» Records to process:

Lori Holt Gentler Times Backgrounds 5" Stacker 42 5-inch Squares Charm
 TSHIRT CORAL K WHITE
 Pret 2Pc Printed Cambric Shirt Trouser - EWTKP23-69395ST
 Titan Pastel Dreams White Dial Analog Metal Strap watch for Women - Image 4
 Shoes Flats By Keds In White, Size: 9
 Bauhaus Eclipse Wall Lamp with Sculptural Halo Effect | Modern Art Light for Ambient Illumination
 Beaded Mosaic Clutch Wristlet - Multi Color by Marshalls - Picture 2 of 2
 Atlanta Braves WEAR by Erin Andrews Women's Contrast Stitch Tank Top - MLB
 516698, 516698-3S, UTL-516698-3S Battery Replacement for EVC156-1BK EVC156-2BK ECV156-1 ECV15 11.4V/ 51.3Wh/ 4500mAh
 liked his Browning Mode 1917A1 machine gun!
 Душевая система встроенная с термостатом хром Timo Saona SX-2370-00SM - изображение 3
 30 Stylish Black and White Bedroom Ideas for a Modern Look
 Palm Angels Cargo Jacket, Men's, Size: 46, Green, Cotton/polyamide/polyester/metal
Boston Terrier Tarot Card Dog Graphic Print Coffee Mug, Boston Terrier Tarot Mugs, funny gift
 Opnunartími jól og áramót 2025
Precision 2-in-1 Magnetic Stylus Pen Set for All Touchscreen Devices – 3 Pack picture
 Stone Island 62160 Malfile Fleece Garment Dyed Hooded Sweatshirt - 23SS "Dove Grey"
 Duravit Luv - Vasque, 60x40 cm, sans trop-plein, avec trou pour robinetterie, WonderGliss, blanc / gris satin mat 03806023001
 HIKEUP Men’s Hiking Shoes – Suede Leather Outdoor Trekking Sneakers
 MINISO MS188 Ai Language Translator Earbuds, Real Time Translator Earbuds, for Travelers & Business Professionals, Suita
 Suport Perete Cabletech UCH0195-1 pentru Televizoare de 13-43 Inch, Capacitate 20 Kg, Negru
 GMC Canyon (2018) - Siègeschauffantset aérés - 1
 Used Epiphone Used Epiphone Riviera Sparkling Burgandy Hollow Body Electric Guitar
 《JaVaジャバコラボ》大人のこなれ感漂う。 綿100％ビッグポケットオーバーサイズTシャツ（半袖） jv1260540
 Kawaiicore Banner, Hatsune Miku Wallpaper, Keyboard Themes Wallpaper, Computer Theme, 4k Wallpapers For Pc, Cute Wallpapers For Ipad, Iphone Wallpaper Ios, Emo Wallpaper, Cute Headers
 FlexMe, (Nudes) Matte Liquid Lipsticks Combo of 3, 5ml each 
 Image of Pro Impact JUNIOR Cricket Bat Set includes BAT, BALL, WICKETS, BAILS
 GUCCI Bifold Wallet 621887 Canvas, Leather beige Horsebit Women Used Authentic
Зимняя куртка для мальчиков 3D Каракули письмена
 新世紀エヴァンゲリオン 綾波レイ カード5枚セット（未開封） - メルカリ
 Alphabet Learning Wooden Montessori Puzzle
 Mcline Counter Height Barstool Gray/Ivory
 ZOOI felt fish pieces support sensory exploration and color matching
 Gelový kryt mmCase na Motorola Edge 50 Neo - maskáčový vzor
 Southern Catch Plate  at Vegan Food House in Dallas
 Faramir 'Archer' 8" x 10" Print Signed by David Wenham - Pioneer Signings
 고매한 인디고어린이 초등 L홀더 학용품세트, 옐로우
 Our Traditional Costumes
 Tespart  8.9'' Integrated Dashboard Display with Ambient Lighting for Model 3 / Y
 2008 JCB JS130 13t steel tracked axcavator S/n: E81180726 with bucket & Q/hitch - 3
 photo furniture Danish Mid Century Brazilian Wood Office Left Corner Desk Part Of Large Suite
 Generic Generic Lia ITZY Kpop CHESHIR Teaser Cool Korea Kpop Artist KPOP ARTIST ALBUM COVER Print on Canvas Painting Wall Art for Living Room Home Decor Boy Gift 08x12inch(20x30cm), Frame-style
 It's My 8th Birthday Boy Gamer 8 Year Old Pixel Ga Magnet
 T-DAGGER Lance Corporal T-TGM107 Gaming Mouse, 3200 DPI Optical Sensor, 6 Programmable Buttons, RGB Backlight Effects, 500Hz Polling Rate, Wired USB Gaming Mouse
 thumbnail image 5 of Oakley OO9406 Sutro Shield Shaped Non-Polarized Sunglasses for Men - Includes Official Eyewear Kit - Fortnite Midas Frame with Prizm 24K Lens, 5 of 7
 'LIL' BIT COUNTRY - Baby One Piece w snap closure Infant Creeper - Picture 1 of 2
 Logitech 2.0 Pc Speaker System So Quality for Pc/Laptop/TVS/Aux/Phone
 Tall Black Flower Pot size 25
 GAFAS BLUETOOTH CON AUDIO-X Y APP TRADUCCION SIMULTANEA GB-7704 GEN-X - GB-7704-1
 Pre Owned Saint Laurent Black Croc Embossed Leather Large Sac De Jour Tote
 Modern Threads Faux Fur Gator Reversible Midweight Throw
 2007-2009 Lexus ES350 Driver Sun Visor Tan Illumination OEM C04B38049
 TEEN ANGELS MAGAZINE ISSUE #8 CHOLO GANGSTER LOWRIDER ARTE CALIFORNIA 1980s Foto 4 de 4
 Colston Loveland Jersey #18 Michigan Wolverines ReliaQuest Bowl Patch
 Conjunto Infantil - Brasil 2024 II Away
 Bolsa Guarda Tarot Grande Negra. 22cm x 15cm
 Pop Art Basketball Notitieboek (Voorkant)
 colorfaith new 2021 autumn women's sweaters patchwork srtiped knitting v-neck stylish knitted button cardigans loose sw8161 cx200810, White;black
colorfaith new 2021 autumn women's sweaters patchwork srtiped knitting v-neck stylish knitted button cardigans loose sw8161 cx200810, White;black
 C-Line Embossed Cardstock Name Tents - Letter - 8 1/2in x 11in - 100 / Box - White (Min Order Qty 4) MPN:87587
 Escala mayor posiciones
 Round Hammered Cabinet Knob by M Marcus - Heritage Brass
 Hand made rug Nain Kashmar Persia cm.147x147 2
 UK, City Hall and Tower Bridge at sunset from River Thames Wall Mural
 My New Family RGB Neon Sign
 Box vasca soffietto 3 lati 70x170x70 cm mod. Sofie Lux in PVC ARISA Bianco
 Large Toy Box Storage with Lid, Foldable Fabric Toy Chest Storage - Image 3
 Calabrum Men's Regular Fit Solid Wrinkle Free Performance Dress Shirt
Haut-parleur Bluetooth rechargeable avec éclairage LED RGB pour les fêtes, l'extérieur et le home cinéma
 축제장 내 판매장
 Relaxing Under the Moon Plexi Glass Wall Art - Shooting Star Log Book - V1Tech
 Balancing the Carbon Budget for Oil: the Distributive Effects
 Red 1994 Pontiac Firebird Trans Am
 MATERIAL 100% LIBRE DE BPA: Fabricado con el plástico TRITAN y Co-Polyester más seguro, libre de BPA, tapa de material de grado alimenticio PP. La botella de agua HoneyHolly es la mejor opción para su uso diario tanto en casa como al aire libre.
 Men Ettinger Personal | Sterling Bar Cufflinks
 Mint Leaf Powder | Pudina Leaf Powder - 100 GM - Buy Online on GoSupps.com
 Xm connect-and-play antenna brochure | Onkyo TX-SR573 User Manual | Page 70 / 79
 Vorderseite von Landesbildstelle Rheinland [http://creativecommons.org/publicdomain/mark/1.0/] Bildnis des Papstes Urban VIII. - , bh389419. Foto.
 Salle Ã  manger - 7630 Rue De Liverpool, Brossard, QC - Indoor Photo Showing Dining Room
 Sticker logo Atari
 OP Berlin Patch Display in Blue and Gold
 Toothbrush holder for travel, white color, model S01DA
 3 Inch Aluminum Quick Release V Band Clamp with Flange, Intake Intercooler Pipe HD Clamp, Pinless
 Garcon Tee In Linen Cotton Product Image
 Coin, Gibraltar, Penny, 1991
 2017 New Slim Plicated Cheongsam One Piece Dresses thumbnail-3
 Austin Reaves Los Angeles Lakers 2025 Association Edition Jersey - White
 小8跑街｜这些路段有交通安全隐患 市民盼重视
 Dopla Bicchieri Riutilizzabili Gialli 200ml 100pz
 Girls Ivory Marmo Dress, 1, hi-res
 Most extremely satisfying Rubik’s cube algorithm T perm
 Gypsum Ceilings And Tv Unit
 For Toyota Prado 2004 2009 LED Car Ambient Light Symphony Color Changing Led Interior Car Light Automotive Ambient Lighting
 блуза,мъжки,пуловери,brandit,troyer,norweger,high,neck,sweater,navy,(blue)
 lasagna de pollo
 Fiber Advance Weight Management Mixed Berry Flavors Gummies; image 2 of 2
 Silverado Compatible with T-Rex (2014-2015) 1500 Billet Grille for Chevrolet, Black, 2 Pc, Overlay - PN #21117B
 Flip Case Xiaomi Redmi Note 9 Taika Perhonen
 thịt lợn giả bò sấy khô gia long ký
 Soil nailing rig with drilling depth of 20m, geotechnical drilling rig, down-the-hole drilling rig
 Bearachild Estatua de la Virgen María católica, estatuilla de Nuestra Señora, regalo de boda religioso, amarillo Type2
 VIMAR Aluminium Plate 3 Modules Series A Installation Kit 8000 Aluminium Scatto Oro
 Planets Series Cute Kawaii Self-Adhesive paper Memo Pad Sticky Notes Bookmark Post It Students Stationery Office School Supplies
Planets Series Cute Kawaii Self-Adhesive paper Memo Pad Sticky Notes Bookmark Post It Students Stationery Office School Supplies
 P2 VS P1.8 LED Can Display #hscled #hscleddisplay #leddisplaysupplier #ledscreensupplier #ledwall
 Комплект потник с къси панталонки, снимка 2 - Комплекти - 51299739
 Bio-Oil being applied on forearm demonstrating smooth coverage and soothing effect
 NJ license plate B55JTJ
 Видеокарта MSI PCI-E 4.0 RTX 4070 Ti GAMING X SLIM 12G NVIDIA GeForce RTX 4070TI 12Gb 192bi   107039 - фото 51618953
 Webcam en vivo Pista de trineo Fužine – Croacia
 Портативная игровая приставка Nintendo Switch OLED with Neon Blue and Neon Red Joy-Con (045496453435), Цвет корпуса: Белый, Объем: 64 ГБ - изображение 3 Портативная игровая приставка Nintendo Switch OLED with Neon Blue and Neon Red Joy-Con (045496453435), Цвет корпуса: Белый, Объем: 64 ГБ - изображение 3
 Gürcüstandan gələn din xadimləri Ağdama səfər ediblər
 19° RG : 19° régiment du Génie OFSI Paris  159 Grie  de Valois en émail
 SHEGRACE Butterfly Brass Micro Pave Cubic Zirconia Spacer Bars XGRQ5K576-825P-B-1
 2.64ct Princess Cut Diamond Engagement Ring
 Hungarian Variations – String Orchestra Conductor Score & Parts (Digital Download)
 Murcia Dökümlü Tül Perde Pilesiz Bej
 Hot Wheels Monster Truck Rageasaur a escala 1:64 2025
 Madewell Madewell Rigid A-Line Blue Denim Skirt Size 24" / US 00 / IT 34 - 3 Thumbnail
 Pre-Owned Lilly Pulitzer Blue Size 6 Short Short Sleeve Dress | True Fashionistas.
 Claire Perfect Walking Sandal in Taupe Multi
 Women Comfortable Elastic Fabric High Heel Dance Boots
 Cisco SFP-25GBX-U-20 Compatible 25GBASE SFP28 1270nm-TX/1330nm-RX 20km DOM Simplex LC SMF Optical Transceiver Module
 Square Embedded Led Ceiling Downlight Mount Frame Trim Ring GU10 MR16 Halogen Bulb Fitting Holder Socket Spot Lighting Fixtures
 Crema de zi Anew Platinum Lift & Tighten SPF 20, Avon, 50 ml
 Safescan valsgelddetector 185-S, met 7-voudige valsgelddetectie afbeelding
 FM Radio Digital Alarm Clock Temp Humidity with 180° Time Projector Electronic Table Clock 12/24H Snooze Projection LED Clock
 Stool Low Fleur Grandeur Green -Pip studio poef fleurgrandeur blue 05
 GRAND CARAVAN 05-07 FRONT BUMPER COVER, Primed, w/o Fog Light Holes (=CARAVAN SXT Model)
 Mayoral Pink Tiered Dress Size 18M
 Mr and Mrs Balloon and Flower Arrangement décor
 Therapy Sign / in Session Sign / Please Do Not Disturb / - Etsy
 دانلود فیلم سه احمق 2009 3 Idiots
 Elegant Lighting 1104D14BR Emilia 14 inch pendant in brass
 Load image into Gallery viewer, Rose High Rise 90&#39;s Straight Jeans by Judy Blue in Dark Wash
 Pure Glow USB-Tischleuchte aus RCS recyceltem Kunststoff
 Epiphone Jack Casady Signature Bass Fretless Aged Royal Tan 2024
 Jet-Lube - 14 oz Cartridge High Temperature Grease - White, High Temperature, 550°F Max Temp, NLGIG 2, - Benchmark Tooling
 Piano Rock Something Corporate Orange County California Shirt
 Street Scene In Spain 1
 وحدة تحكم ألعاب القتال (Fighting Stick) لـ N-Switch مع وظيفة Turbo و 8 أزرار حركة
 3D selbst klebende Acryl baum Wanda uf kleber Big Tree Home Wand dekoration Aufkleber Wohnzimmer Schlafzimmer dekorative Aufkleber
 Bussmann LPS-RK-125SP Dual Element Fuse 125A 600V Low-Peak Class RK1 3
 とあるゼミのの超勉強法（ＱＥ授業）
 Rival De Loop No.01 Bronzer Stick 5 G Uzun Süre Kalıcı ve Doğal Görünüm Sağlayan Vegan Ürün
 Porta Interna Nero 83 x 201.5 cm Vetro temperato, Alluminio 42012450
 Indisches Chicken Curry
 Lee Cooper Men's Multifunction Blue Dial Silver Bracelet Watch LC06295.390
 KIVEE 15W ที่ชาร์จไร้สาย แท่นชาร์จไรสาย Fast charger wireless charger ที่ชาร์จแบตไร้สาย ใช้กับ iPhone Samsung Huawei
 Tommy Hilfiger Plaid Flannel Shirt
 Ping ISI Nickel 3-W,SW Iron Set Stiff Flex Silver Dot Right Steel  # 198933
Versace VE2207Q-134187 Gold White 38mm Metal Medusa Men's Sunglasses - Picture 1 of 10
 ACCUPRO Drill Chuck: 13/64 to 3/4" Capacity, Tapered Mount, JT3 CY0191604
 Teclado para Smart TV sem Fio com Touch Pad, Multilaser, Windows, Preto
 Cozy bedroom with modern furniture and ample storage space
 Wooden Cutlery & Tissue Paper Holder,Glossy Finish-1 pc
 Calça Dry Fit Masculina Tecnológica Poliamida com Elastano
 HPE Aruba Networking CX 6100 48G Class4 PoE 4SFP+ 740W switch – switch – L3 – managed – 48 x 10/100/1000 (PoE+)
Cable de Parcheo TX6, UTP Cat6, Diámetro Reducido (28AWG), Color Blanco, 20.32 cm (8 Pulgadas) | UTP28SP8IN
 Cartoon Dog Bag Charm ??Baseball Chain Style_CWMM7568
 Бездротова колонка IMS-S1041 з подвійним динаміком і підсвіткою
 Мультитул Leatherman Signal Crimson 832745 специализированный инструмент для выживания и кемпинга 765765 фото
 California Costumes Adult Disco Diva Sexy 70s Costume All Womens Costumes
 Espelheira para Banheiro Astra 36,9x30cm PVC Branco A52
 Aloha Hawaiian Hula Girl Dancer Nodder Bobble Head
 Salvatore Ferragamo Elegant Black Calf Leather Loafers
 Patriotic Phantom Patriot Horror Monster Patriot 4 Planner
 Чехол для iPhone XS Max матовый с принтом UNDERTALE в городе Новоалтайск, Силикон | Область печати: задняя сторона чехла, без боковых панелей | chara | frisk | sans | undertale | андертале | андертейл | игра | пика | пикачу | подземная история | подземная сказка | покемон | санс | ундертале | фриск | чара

» Prompt: Out of the data above, give again only the lines starting at the one holding "NJ license plate B55JTJ" and ending at the one holding "19° RG : 19°", unchanged.

» Reply to the task:
 NJ license plate B55JTJ
 Видеокарта MSI PCI-E 4.0 RTX 4070 Ti GAMING X SLIM 12G NVIDIA GeForce RTX 4070TI 12Gb 192bi   107039 - фото 51618953
 Webcam en vivo Pista de trineo Fužine – Croacia
 Портативная игровая приставка Nintendo Switch OLED with Neon Blue and Neon Red Joy-Con (045496453435), Цвет корпуса: Белый, Объем: 64 ГБ - изображение 3 Портативная игровая приставка Nintendo Switch OLED with Neon Blue and Neon Red Joy-Con (045496453435), Цвет корпуса: Белый, Объем: 64 ГБ - изображение 3
 Gürcüstandan gələn din xadimləri Ağdama səfər ediblər
 19° RG : 19° régiment du Génie OFSI Paris  159 Grie  de Valois en émail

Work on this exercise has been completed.